→ EXERCISE INSTRUCTIONS:
Ignoring every picture, return the lines of the listing below word for word, from the line that holds "Caja Para Sándwiches, Práctico" through the line that holds "Image of 'Be".
___ DATA FOR THIS EXERCISE
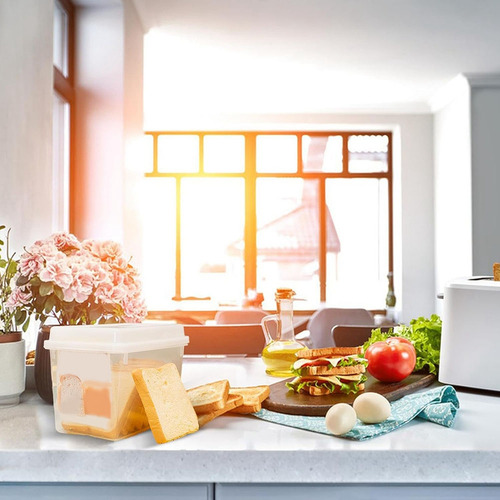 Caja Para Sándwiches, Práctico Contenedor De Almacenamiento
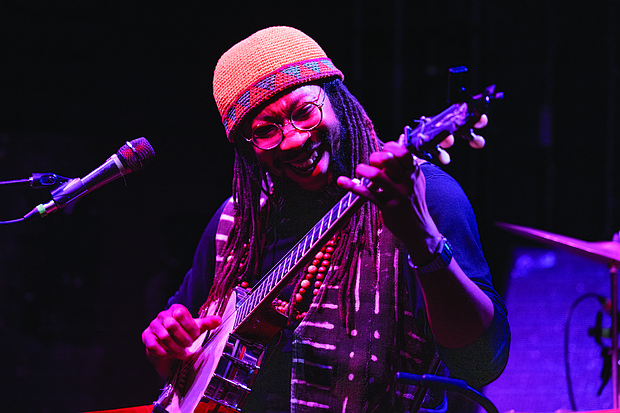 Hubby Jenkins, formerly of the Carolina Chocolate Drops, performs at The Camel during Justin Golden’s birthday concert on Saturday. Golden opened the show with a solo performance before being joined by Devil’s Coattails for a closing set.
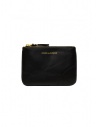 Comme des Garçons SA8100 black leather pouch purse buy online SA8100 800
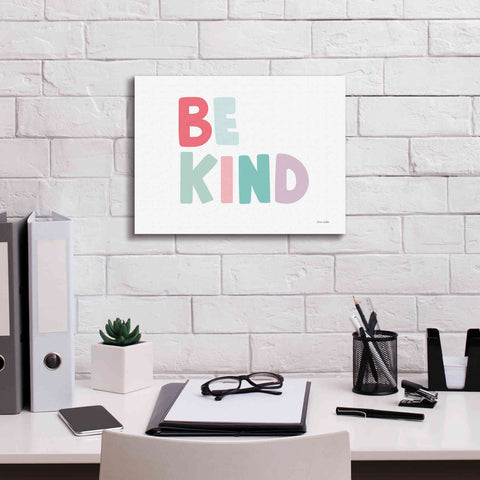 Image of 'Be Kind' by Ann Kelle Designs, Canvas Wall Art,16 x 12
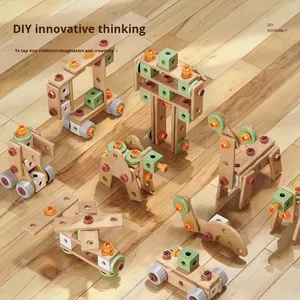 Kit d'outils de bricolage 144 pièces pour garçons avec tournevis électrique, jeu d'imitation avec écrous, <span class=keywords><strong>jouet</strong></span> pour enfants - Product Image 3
______
___ DATA FOR THIS EXERCISE
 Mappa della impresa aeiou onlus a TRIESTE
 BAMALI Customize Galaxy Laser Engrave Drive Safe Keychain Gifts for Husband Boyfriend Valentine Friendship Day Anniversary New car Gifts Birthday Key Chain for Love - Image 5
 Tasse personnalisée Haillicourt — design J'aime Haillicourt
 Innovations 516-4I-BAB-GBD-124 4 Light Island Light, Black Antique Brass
______
___ DATA FOR THIS EXERCISE
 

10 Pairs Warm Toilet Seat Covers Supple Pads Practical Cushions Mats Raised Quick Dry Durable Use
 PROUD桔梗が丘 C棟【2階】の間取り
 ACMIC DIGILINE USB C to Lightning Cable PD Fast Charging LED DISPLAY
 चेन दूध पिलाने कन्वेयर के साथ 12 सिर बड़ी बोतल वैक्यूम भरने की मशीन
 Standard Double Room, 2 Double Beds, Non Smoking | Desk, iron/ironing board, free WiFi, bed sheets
______
→ EXPECTED ANSWER:
 Caja Para Sándwiches, Práctico Contenedor De Almacenamiento
 Hubby Jenkins, formerly of the Carolina Chocolate Drops, performs at The Camel during Justin Golden’s birthday concert on Saturday. Golden opened the show with a solo performance before being joined by Devil’s Coattails for a closing set.
 Comme des Garçons SA8100 black leather pouch purse buy online SA8100 800
 Image of 'Be Kind' by Ann Kelle Designs, Canvas Wall Art,16 x 12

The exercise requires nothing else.